In the second, a dad waits with his small daughter at the bus stop. He asks her if she is excited about starting school and she bravely nods “yes” but her face is so wrinkled with worry lines that my heart breaks—especially because she reminds me of my sister when she was little who had an equally expressive face and a tendency to worry. I remember quite vividly my mother walking both of us up the street to school, my sister dreading the prospect. In the commercial, the girl climbs stoically into the bus, and her father jumps into his Subaru to drive alongside—and looks up to see his daughter laughing happily with the other kids. (It took my sister a bit longer to adapt to kindergarten.)

I was invited to my high school last week to be part of a career panel discussion on marketing. In preparation I tried to think objectively about marketing—what it is exactly, and what I like so much about it. In answer to one of the students’ questions, I said that marketing was about persuading. To do that you need to speak directly to the consumer, to touch a chord. The 45 minutes answering questions with two fellow alums went by so fast, I am not sure if we clarified anything for the students, or left them more confused. Certainly marketing has a dark side—promoting tobacco or sugar-laden foods for example—but, when employed for more positive purposes, the art of persuasion is a worthy art indeed.

Beautiful things

We are rich in artistic friends (and family), and as a happy result beautiful art fills our home, and even our woods. Last March a friend took care of the animals for a few days, and installed an outdoor show. In the summer the woodcuts blended in with the foliage, but in the starker winter, against a backdrop of snow, they stand out dramatically.

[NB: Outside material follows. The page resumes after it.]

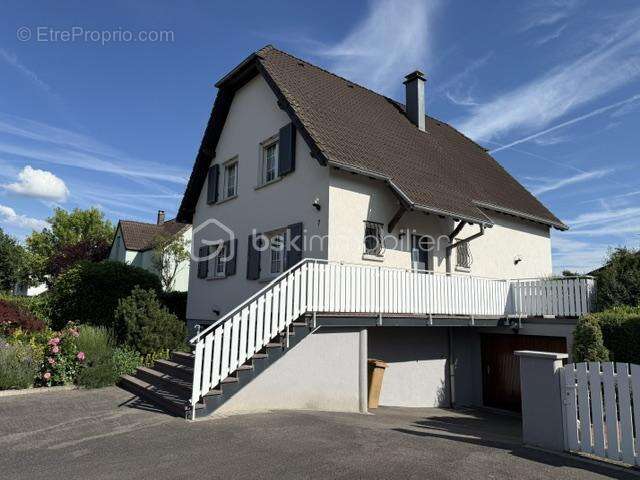COUP DE CŒUR À KEMBS – Maison familiale avec grande terrasse - photo 2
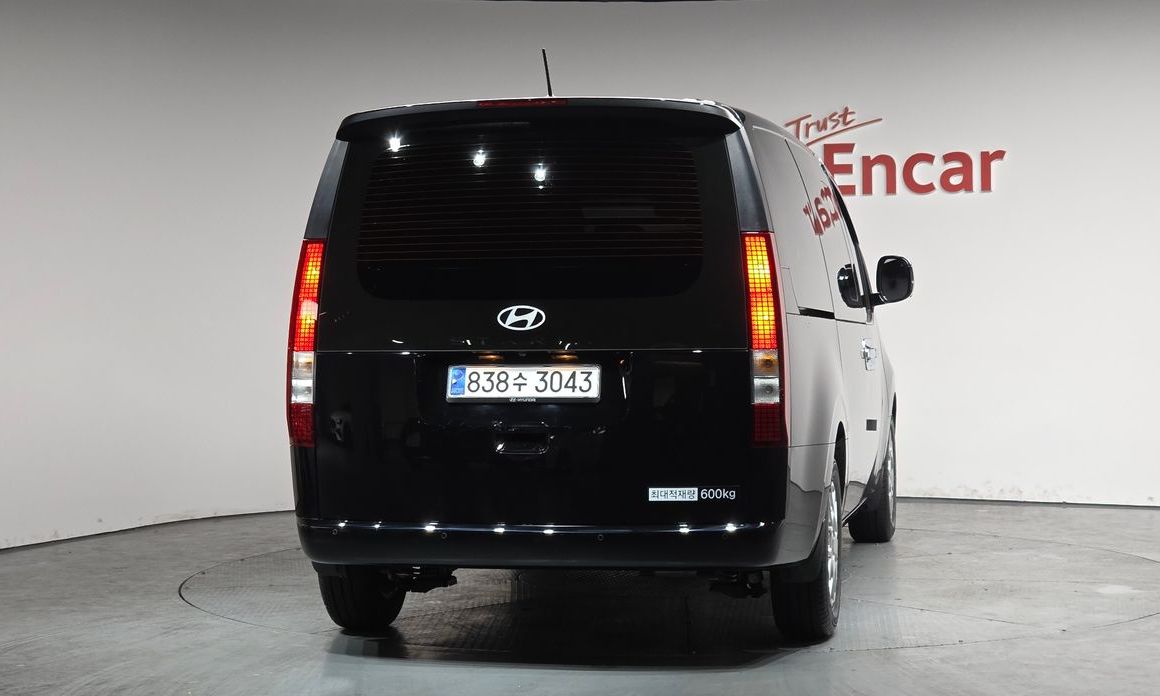 Hyundai Staria Cargo 5-Seater, 2025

I read The Amazing Adventures of Kavalier & Clay, by Michael Chabon, many years ago. It was one of the most beautiful books I’ve ever read. When I reached the end, reluctant to part with the characters and the story that had so absorbed me, I read first the “Author’s Note” and then turned to the very last page. In “About the Author” I discovered that Chabon was almost my age.

Not only had he published two previous novels and two short stories collections, but he’d won the Pulitzer Prize in fiction for Kavalier & Clay. What had I accomplished in these same years? I wasn’t comparing myself to Michael Chabon’s literary skill; I simply stacked my achievements against his, and came up short.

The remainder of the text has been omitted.